**About this exercise:** The response should be an exact transcription of the data below, free of images.

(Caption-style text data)
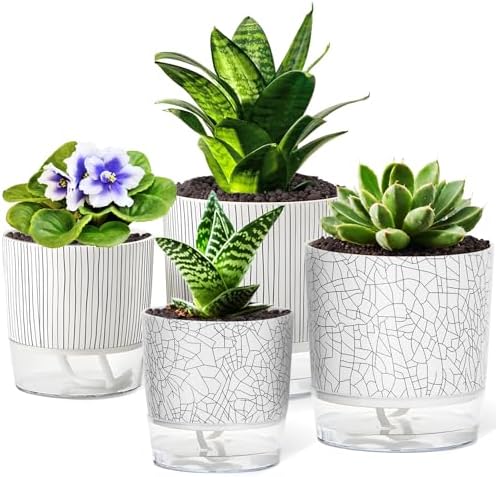 4 Pack Self Watering Pots for Indoor Plants, 4/5.5 Inch Plant Pots by Samhe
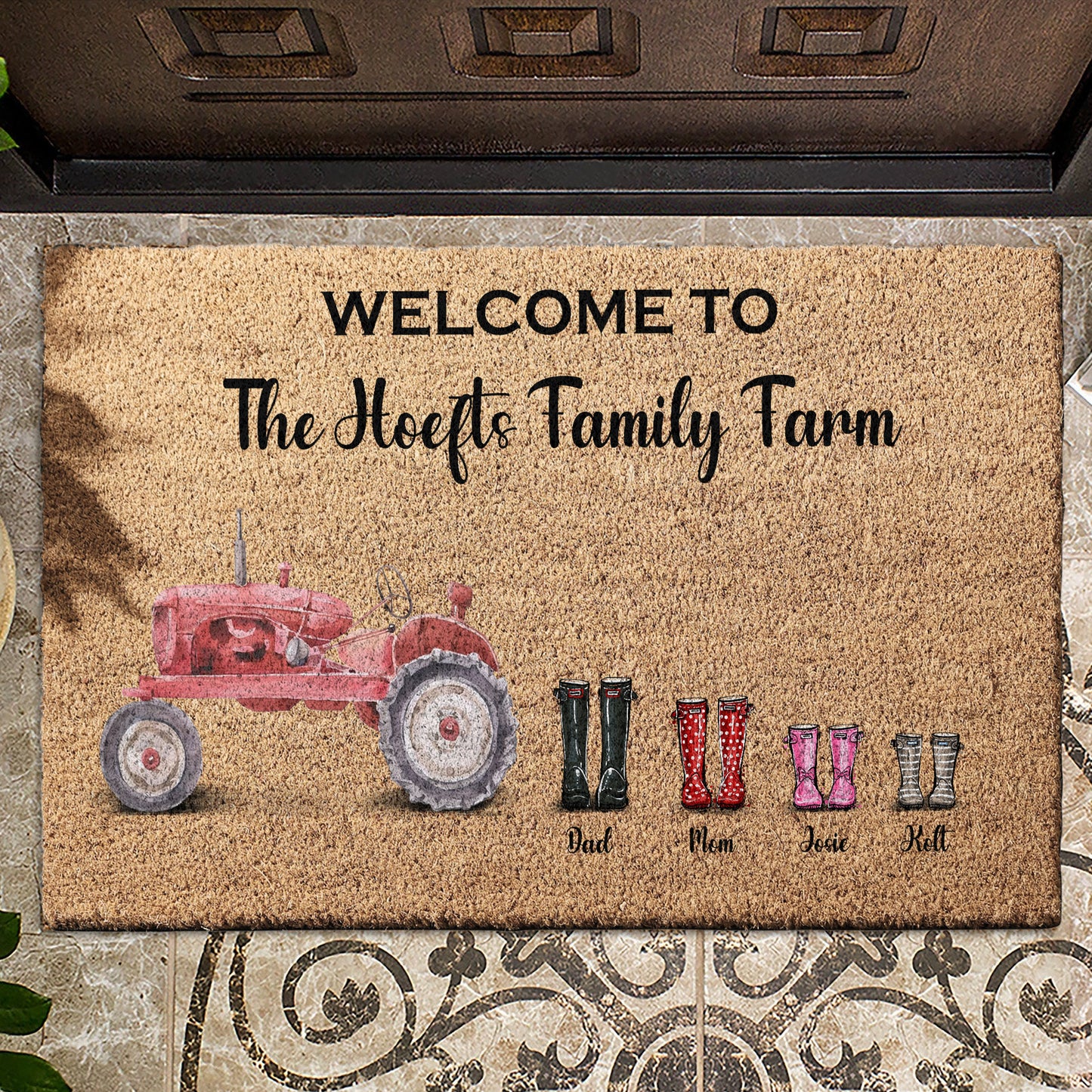 Personalised Family Tractor Gumboot Print Doormat - Gift for Farmer - myfunfarm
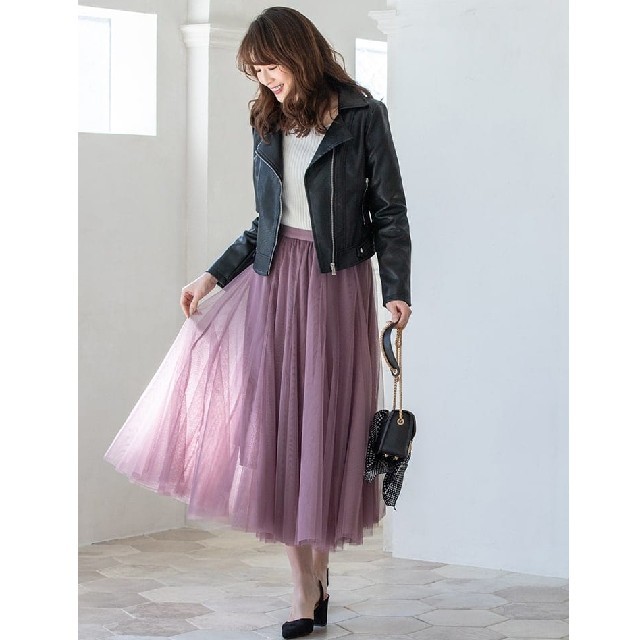 fifth(フィフス)のfifth　
チュールロングスカート

◆新品未開封
◆ダスティーピンク レディースのスカート(ロングスカート)の商品写真
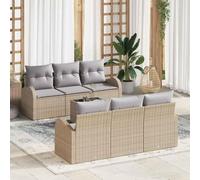faucqel Juego de 7 sofás de jardín de polirratán con espacio de almacenamiento, acero recubierto de polvo, color beige y gris, modular para jardín, terraza, balcón, cómodo grupo de asientos al aire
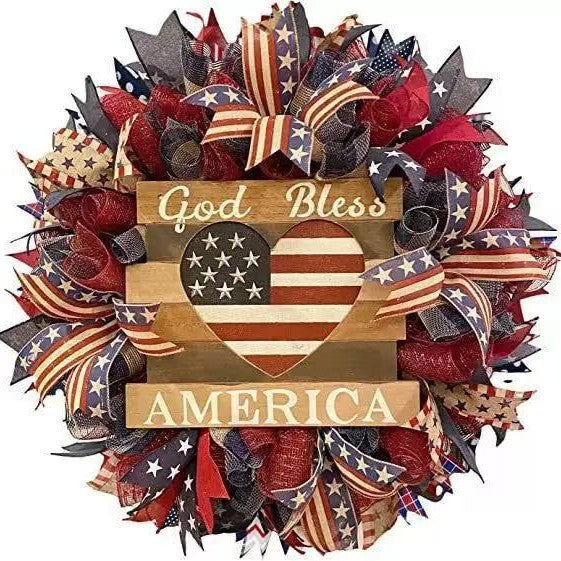 Unisex nan Patriotic Americana Decorative Front Door Wreath with Burlap Mesh Ribbon and Wooden Heart Plaque Kalsten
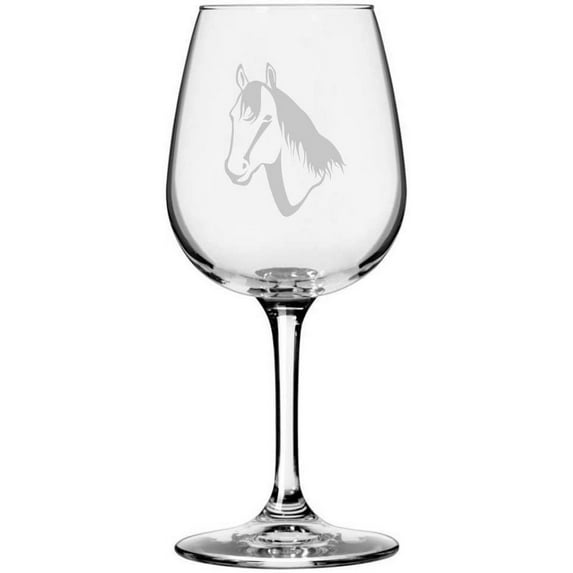Quarter Face Horse Themed Etched All Purpose 12.75oz Libbey Wine Glass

**Response to this task:**
 4 Pack Self Watering Pots for Indoor Plants, 4/5.5 Inch Plant Pots by Samhe
 Personalised Family Tractor Gumboot Print Doormat - Gift for Farmer - myfunfarm
 fifth(フィフス)のfifth　
チュールロングスカート

◆新品未開封
◆ダスティーピンク レディースのスカート(ロングスカート)の商品写真
faucqel Juego de 7 sofás de jardín de polirratán con espacio de almacenamiento, acero recubierto de polvo, color beige y gris, modular para jardín, terraza, balcón, cómodo grupo de asientos al aire
 Unisex nan Patriotic Americana Decorative Front Door Wreath with Burlap Mesh Ribbon and Wooden Heart Plaque Kalsten
Quarter Face Horse Themed Etched All Purpose 12.75oz Libbey Wine Glass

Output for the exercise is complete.